RECORDS TO USE:
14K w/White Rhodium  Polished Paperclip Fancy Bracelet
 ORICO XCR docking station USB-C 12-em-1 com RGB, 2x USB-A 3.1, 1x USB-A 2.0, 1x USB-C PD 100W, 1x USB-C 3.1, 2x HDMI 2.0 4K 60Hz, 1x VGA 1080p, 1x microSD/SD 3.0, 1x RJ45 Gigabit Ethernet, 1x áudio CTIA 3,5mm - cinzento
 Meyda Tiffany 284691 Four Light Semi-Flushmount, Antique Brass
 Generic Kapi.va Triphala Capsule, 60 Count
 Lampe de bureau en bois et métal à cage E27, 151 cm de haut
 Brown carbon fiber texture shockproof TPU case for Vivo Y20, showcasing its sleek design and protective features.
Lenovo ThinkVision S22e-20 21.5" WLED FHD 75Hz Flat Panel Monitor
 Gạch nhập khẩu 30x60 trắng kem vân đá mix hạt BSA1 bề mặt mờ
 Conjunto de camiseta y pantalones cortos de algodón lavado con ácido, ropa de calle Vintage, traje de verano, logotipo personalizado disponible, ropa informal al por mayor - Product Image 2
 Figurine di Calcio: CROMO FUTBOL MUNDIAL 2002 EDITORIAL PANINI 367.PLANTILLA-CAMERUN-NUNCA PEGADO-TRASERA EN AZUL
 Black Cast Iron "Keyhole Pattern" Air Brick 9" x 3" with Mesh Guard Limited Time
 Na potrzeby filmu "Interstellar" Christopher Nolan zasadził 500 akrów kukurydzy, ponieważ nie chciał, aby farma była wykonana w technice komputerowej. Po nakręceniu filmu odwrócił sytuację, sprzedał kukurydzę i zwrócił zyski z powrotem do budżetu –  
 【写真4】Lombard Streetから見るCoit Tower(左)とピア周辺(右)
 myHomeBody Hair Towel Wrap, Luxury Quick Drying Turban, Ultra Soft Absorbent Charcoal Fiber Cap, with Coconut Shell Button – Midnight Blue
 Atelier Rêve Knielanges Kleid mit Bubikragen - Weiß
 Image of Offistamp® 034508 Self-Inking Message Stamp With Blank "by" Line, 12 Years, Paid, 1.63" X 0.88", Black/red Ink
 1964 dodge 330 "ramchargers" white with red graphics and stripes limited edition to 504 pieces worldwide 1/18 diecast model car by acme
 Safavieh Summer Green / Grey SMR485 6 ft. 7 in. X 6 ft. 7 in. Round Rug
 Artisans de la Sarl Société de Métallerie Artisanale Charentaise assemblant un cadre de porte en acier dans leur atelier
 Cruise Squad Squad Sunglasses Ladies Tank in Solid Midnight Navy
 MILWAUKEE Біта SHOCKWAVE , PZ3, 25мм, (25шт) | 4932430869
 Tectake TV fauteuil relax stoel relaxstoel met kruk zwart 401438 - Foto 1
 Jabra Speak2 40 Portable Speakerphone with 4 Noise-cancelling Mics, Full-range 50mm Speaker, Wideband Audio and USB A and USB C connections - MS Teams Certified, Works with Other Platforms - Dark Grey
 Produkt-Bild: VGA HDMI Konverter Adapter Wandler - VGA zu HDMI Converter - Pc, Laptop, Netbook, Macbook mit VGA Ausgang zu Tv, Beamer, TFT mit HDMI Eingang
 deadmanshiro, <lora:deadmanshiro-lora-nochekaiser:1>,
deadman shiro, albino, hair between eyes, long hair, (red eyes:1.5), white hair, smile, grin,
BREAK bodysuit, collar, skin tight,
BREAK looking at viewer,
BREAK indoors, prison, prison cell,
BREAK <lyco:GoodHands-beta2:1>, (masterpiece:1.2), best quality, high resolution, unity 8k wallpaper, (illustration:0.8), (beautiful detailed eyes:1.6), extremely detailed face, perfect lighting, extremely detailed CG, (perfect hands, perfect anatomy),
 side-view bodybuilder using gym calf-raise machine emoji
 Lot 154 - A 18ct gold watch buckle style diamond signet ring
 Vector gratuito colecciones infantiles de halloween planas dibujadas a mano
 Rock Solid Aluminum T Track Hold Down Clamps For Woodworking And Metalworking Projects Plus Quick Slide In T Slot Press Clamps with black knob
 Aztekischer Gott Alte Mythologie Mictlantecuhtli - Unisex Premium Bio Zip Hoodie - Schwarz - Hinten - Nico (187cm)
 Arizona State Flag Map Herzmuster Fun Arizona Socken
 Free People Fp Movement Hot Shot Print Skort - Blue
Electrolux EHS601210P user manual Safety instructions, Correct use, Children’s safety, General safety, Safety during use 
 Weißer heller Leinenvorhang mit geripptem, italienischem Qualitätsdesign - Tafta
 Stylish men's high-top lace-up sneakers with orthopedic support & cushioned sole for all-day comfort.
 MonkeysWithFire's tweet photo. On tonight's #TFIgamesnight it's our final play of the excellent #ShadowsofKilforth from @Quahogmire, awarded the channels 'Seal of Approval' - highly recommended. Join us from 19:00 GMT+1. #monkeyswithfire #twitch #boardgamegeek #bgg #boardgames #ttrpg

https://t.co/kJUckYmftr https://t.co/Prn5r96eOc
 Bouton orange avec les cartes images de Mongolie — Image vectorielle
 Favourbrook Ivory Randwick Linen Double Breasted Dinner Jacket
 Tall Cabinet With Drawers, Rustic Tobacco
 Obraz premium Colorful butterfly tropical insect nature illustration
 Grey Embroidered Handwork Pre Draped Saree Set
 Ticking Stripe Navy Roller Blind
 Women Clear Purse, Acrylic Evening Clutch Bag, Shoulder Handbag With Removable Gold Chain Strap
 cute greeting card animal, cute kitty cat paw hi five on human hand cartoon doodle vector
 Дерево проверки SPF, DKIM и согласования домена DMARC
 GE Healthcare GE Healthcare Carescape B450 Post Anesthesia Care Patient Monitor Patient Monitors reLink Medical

YOUR INSTRUCTIONS: Everything from the line with "1964 dodge 330" through the line with "Safavieh Summer Green" in the listing above must be retyped exactly, with nothing added.

SOLVED PROBLEM:
 1964 dodge 330 "ramchargers" white with red graphics and stripes limited edition to 504 pieces worldwide 1/18 diecast model car by acme
 Safavieh Summer Green / Grey SMR485 6 ft. 7 in. X 6 ft. 7 in. Round Rug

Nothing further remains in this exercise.